Task requirements
The pictures get left out, but everything else in the listing below must be duplicated exactly.

Stored data
________________________________________
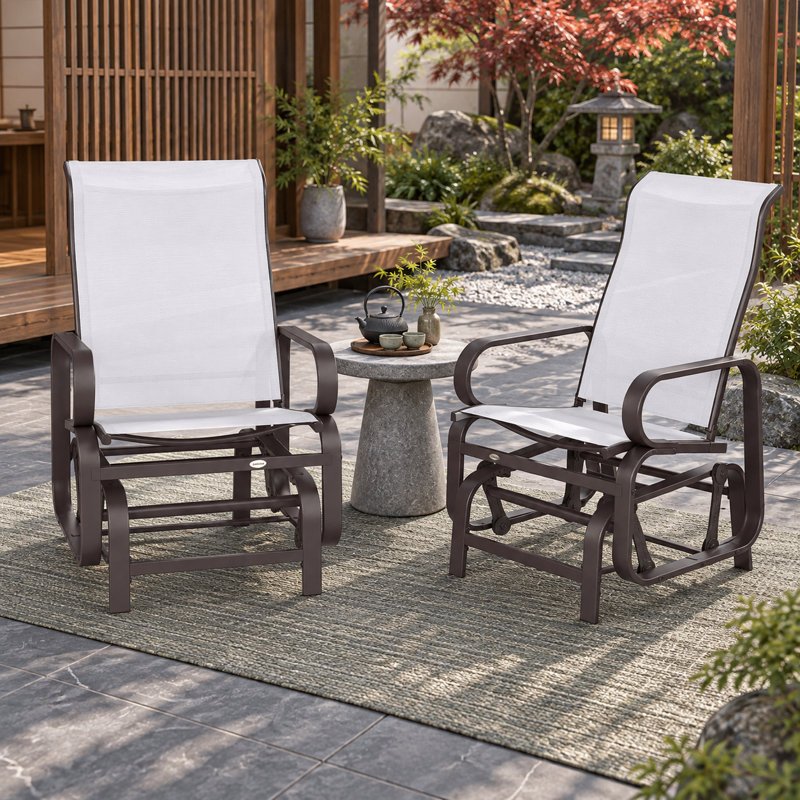 Ensemble de 2 fauteuils à bascule d'extérieur de style transitionnel, avec accoudoirs incurvés et dossier haut, pour jardin et terrasse.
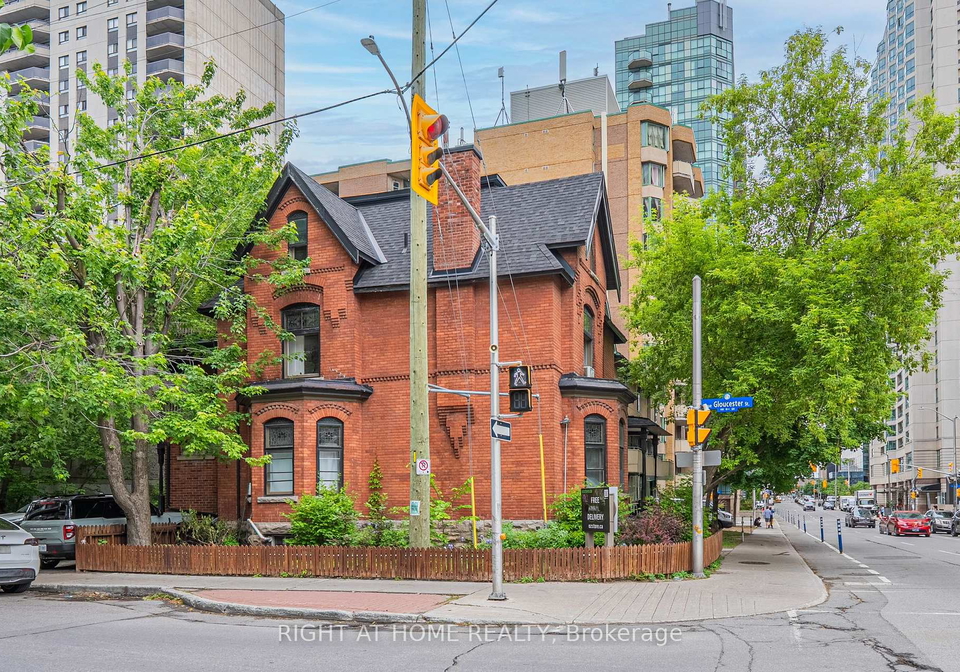 220-lyon-street-n-ottawa-ontario-x13485924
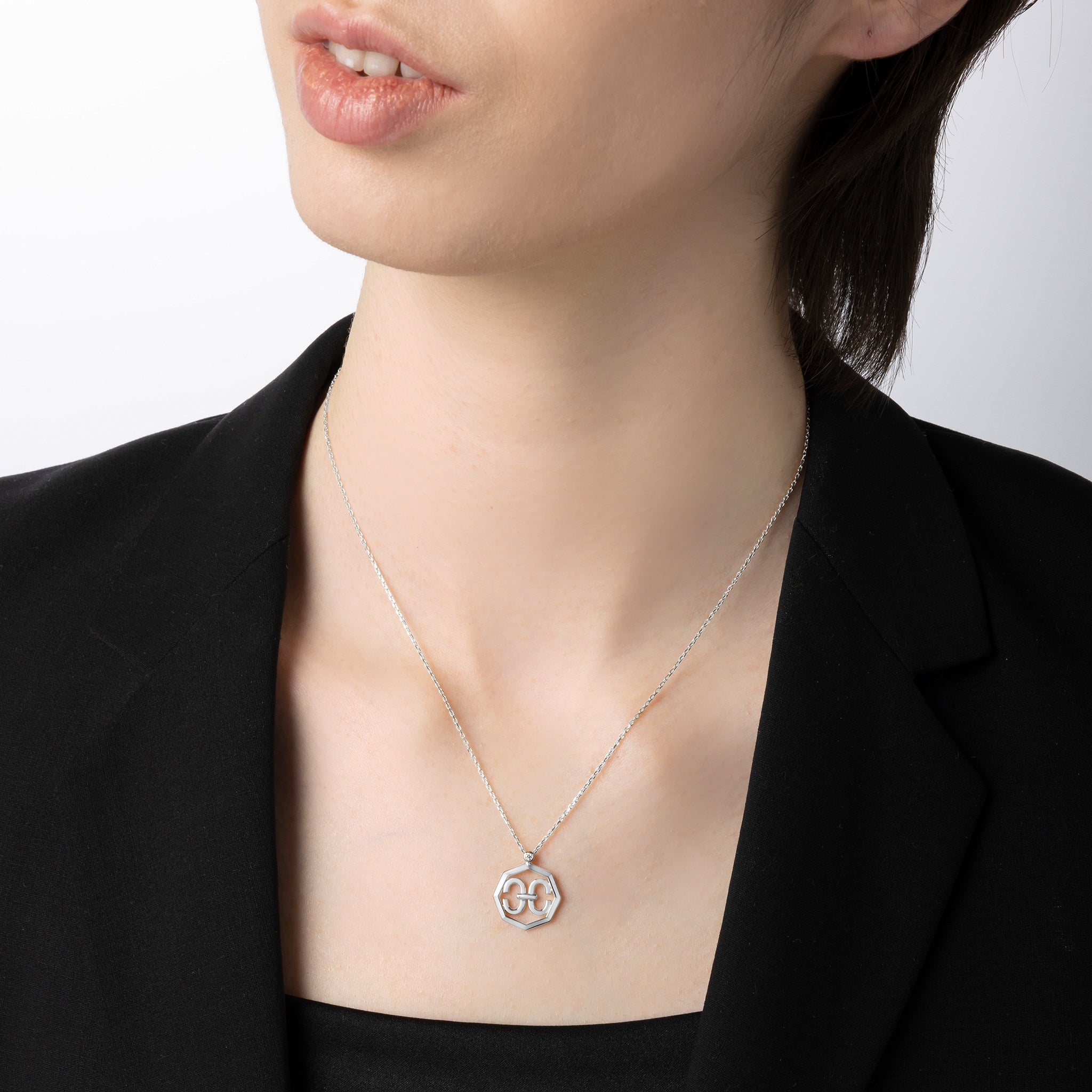 Harmony Iconic Octagon Necklace (white gold)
________________________________________
Solution
 Ensemble de 2 fauteuils à bascule d'extérieur de style transitionnel, avec accoudoirs incurvés et dossier haut, pour jardin et terrasse.
 220-lyon-street-n-ottawa-ontario-x13485924
 Harmony Iconic Octagon Necklace (white gold)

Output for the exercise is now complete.